I love to have and make little quilts for the kitchen. Most of them are a result of trial blocks or string piecing. I just find they have a myriad of uses in the kitchen.. They are great as trivetts for hot dishes, getting things out of the oven, bigger ones for resting dishes on to dry, surface protectors, tea and coffee making mats, in the microwave to make it easy to take hot dishes out, noise dampeners on hard bench tops, under breadboards to catch the crumbs, decorative and practical under a vase of flowers to catch petals and even as placemats too, but so much more adaptable!
Once they are in your kitchen you will wonder how you ever got by without them. I find I’m always reaching for one, for one thing or another. And, by the way, I just wash them with my tea towels, no fussing.
When it comes to the creative side of course they are great for using up leftovers of fabrics, quilts or blocks. They can make a very pretty gift too, if presented with some herbs, bread, cake or kitchen utensil or dish. They can also be a starting point for free motion quilting to practice a design or warm up on one.
Anyhow, I’m going to show you the most basic one. Even if you are a most beginner sewer, this is very achievable in a short space of time. This is one of my favourites. I have used it so many times. This is such a quick project. I’ve decided to time myself to see how long it takes, because heaven knows we all need gifts in a real hurry from time to time.
This is how I do it.
Take two 10 inch squares of cotton, linen or quilting fabric. One 9 inch square of scrap batting. If your batting is thin, use 2 squares. If you are into up-cycling and you don’t want to use batting, cut up old towels for these projects. It gives them a new lease on life!
Take one of the squares, fold diagonally across exactly in half. Finger press. Repeat for the opposite direction. These are your sewing lines.
Sew diagonally from corner to corner on both fold lines. Keep the pins in place.
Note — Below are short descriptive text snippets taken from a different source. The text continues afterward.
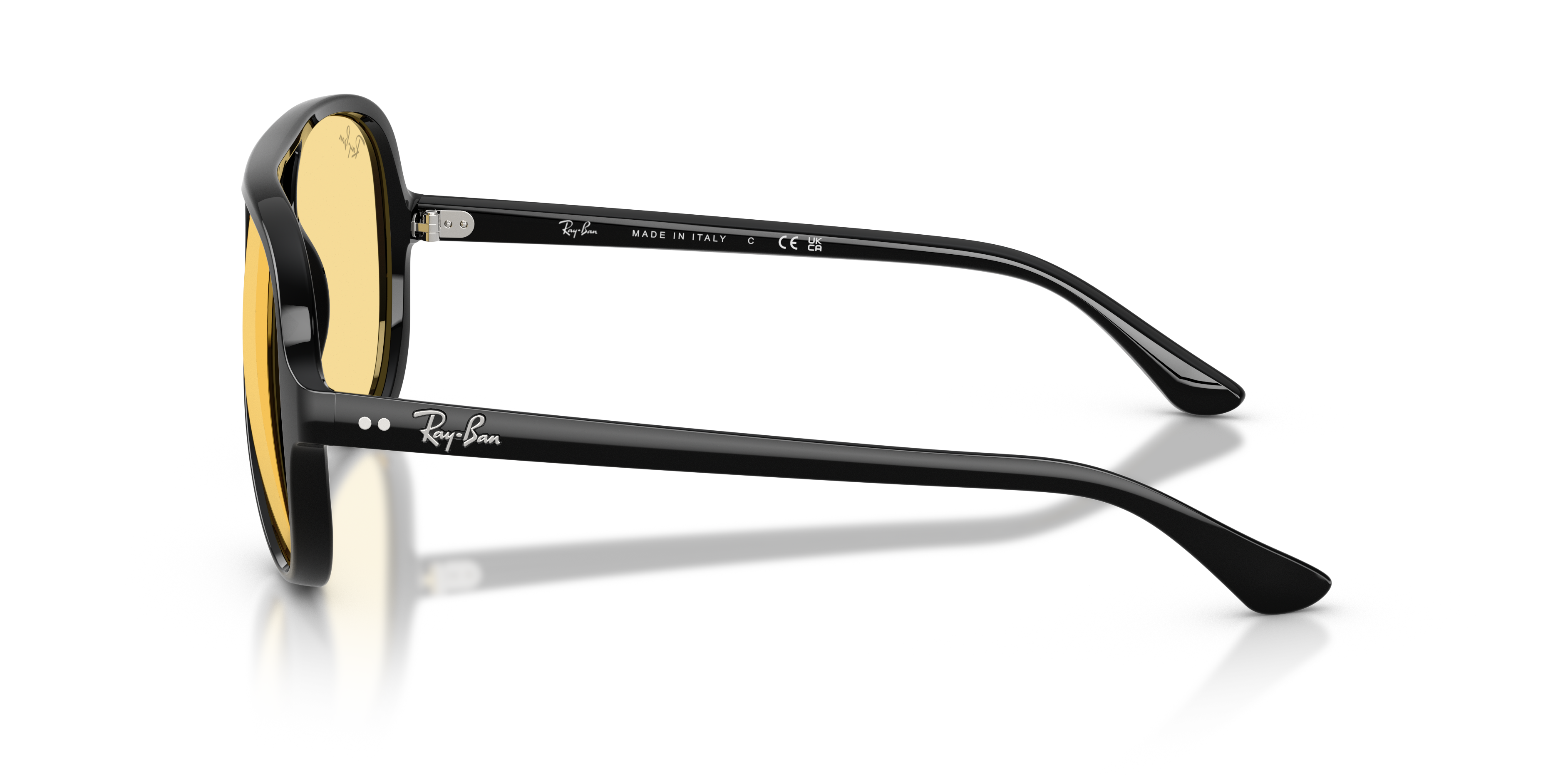 Ray-Ban RB4125 601/R6 Cats 5000 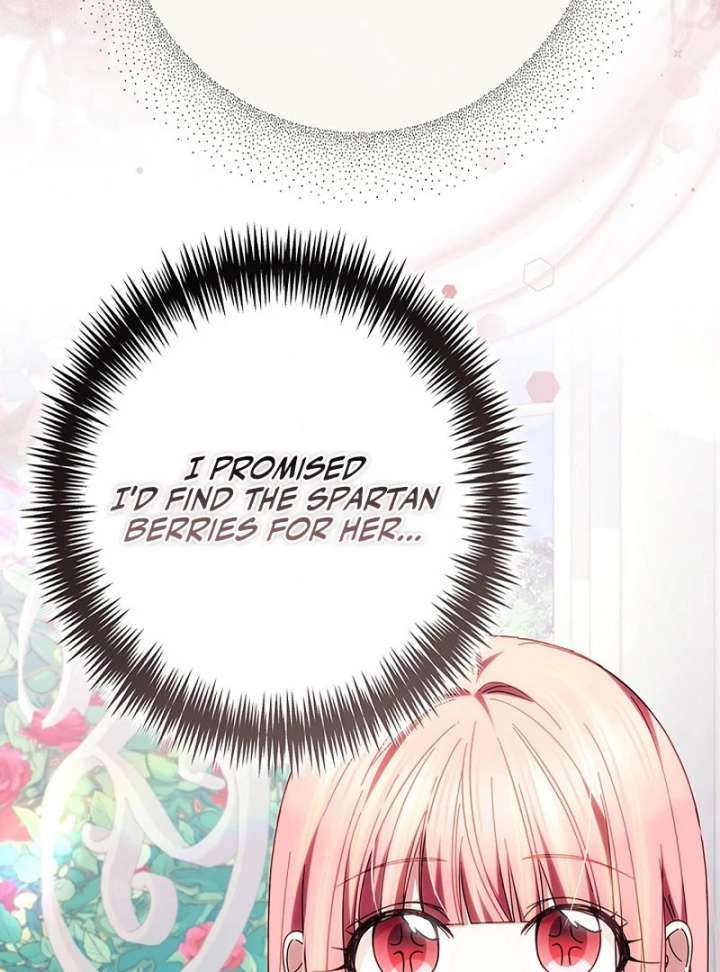 The Super-Strong Noble Lady Wants to Be Truly Weak Chapter 24 - Page 38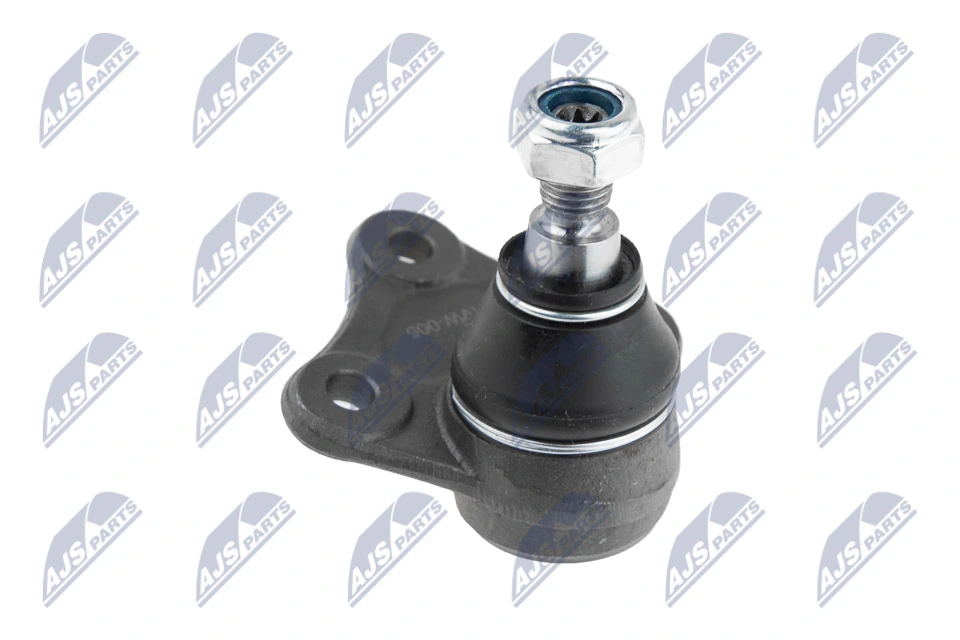 NTY Támasztó-/vezetőcsukló - ZSD-VW-005 - TothCarparts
Now stitch all around the outside 3/4 inch from the edge, then repeat 1/2 inch from the edge.
By the way, I’m sure I can make one quicker than the time it took to write about it 🙂
So, even sewing it up on the treadle, this, project took 12 minutes to sew. Of course you can make this bigger if you like , say 12 or 14 inches. Just reduce your towel or batting size by 1 inch.
Dont forget you can also use these squares to test your free motion quitting. Then the fabric is not wasted.